ACTIVITY:
Begin with the line that holds "Morilles blanches certifiées" and retype through the last line of the listing below, exactly; pictures are not part of the copy.

DATASET RECORDS:
☆ ☆ ☆
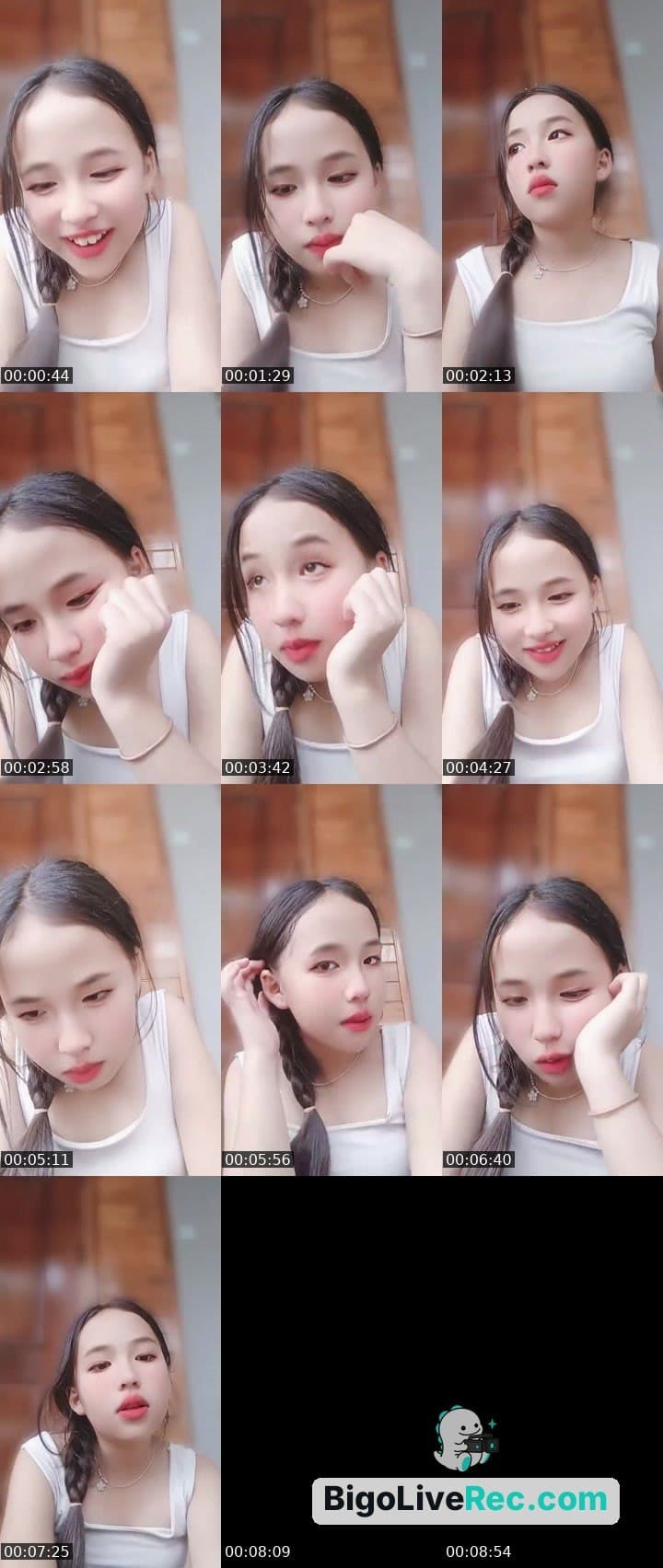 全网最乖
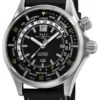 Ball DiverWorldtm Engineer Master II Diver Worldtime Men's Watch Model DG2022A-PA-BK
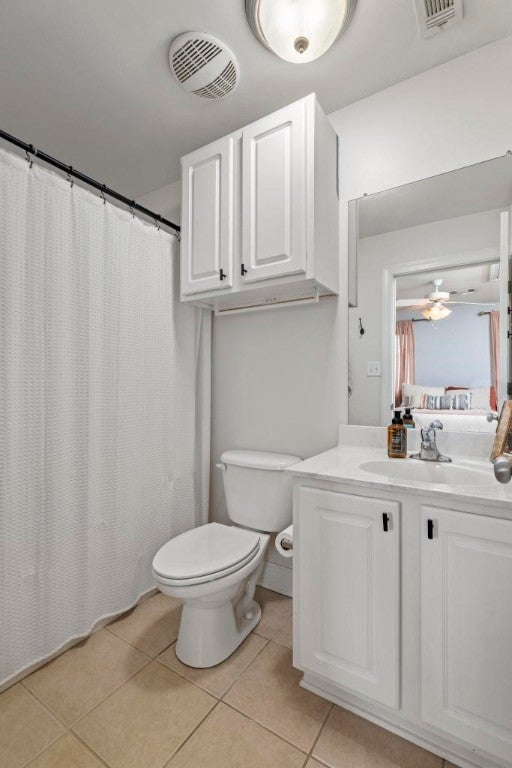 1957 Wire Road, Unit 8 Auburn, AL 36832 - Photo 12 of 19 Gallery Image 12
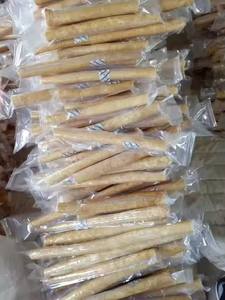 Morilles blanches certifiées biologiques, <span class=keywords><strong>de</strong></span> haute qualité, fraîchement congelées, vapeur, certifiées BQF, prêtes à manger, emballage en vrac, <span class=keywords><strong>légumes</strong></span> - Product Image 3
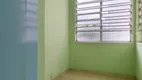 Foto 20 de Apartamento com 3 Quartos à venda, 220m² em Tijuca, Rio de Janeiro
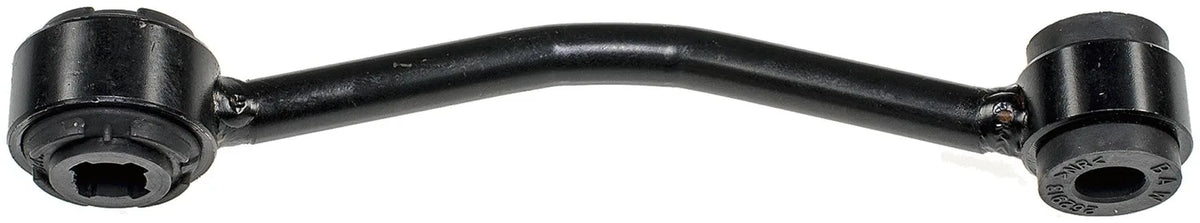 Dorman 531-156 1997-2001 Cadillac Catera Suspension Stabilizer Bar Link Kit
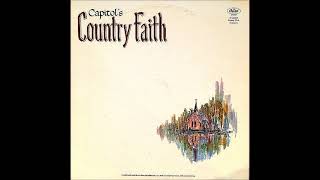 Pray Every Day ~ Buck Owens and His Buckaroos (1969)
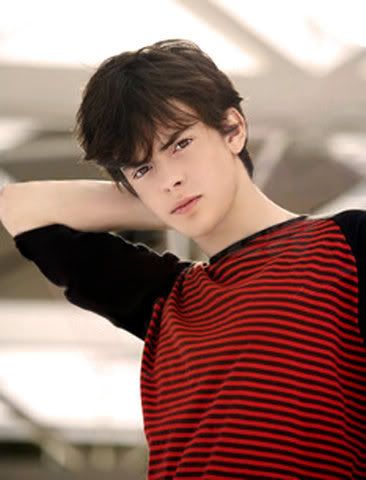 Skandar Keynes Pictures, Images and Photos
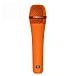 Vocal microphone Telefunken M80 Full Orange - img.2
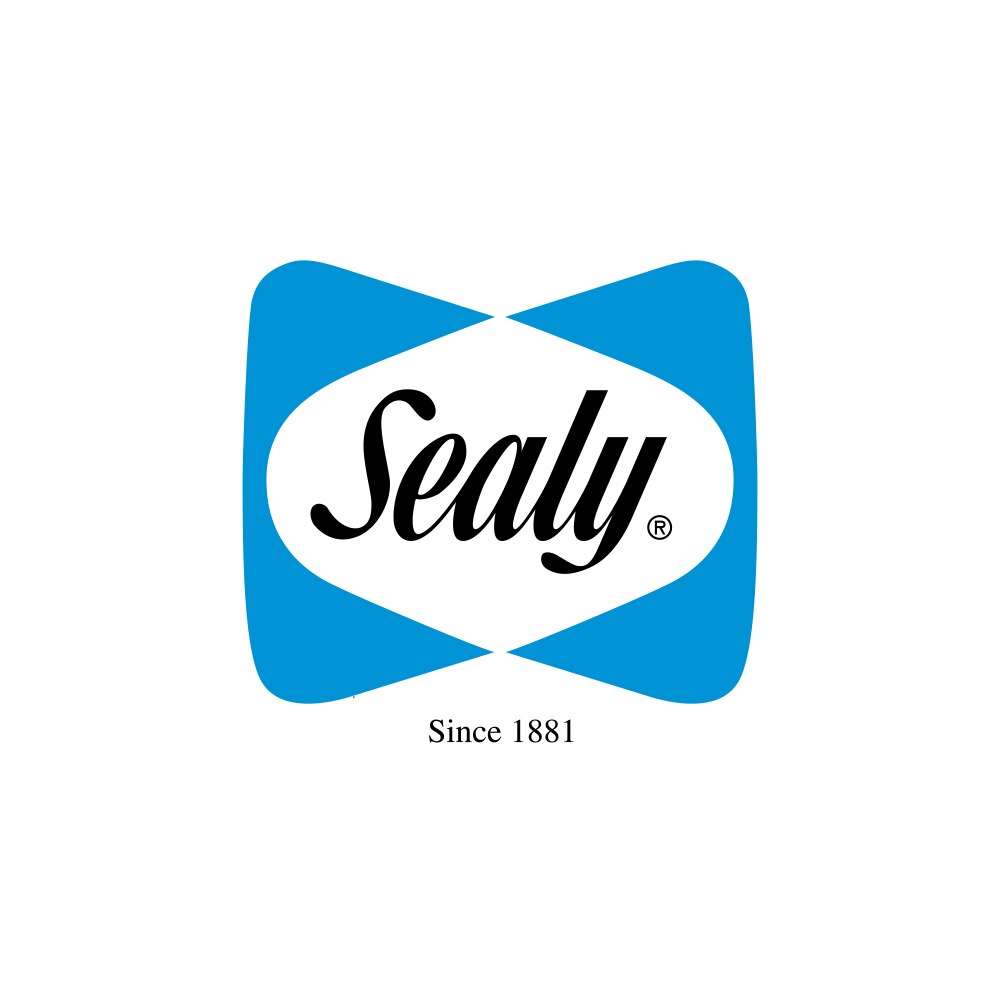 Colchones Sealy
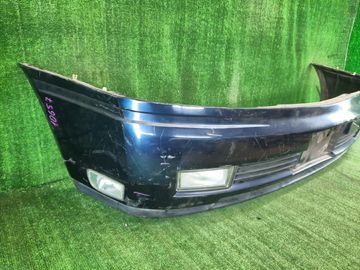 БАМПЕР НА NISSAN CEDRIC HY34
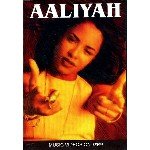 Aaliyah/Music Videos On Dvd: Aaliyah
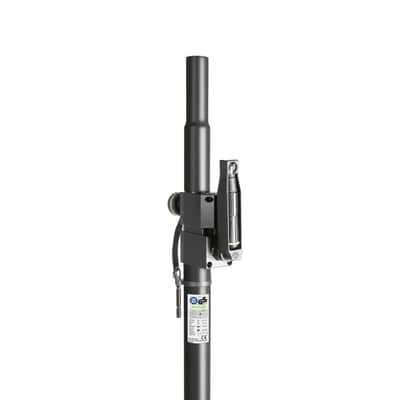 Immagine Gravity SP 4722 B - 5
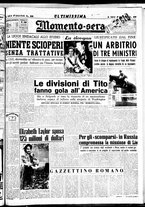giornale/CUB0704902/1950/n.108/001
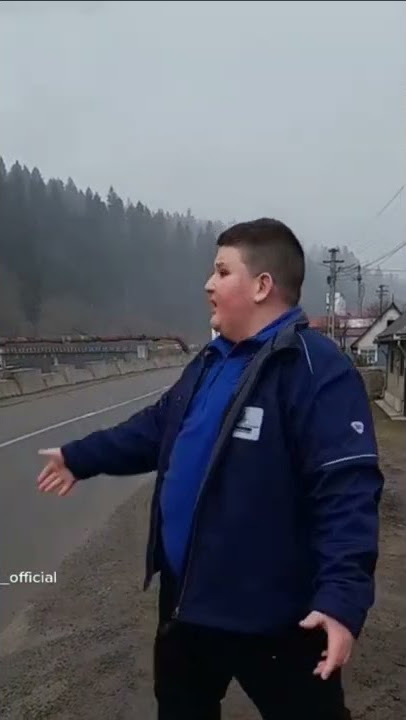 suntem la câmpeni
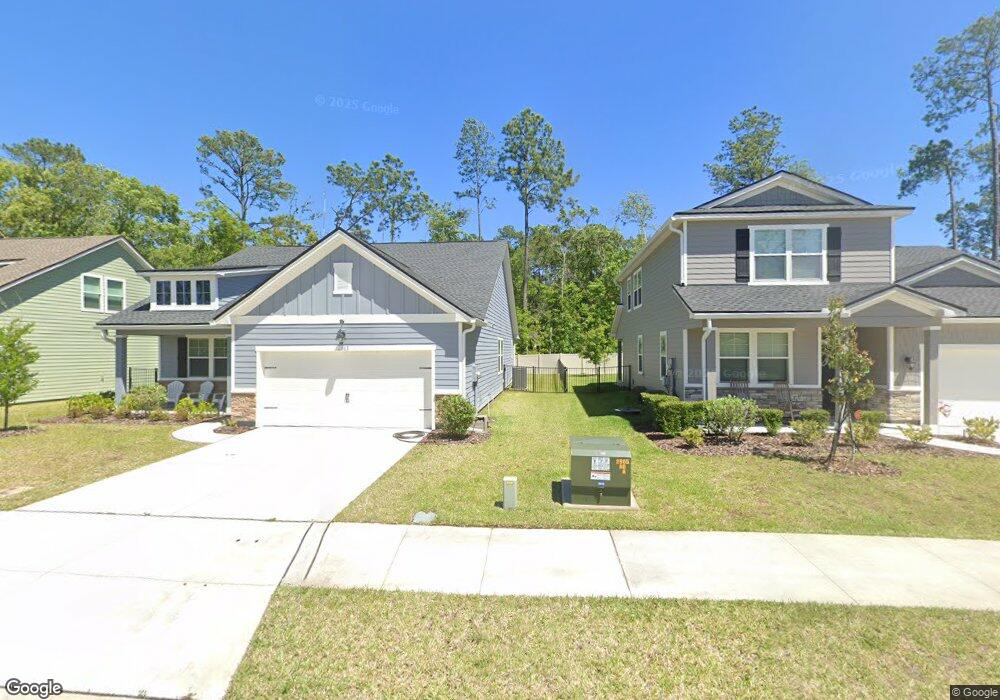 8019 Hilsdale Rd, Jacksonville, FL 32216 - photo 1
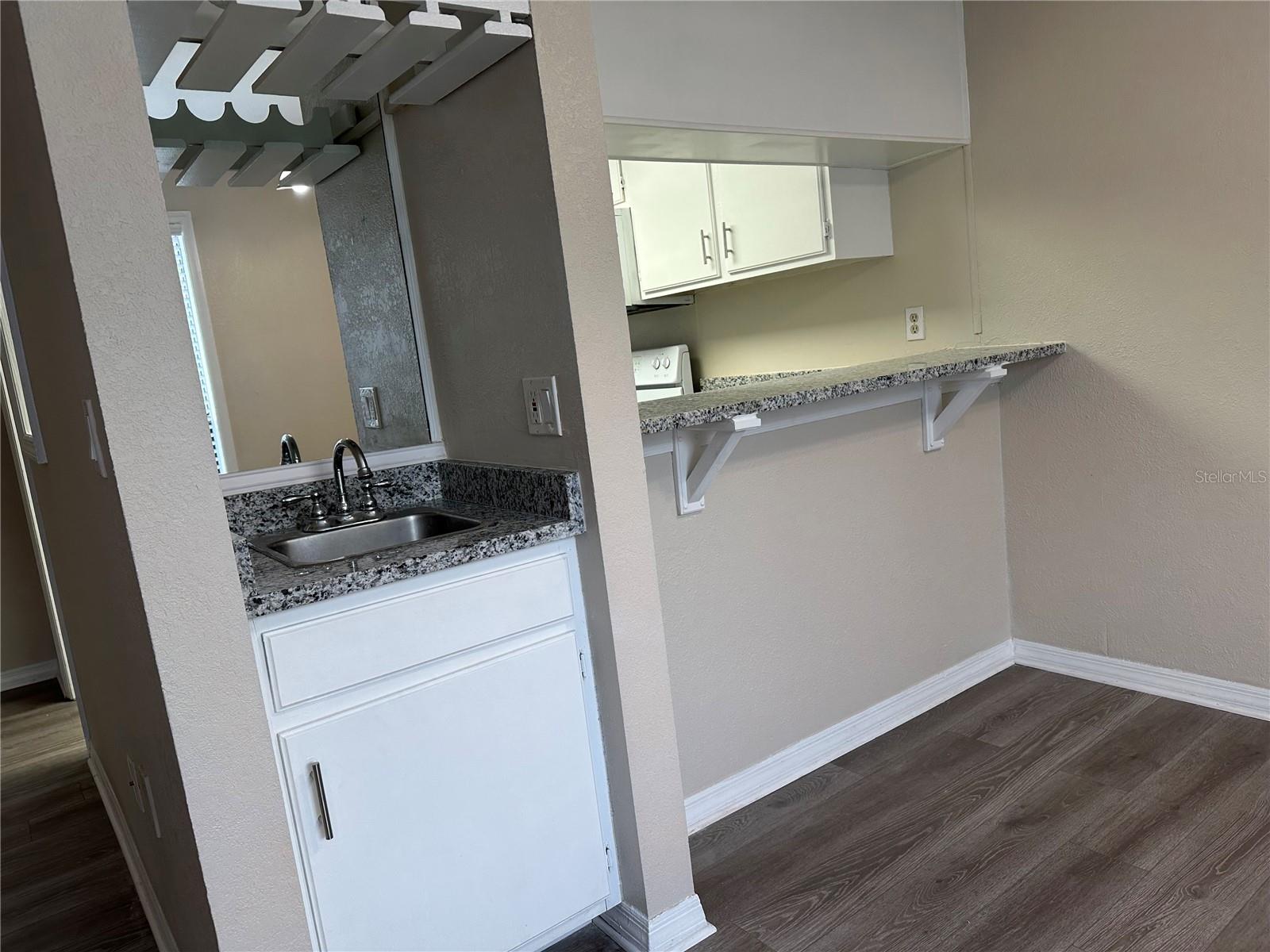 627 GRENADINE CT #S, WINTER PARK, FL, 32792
☆ ☆ ☆
WRITTEN RESPONSE:
 Morilles blanches certifiées biologiques, <span class=keywords><strong>de</strong></span> haute qualité, fraîchement congelées, vapeur, certifiées BQF, prêtes à manger, emballage en vrac, <span class=keywords><strong>légumes</strong></span> - Product Image 3
 Foto 20 de Apartamento com 3 Quartos à venda, 220m² em Tijuca, Rio de Janeiro
 Dorman 531-156 1997-2001 Cadillac Catera Suspension Stabilizer Bar Link Kit
 Pray Every Day ~ Buck Owens and His Buckaroos (1969)
 Skandar Keynes Pictures, Images and Photos
 Vocal microphone Telefunken M80 Full Orange - img.2
 Colchones Sealy
 БАМПЕР НА NISSAN CEDRIC HY34
 Aaliyah/Music Videos On Dvd: Aaliyah
 Immagine Gravity SP 4722 B - 5
giornale/CUB0704902/1950/n.108/001
 suntem la câmpeni
 8019 Hilsdale Rd, Jacksonville, FL 32216 - photo 1
 627 GRENADINE CT #S, WINTER PARK, FL, 32792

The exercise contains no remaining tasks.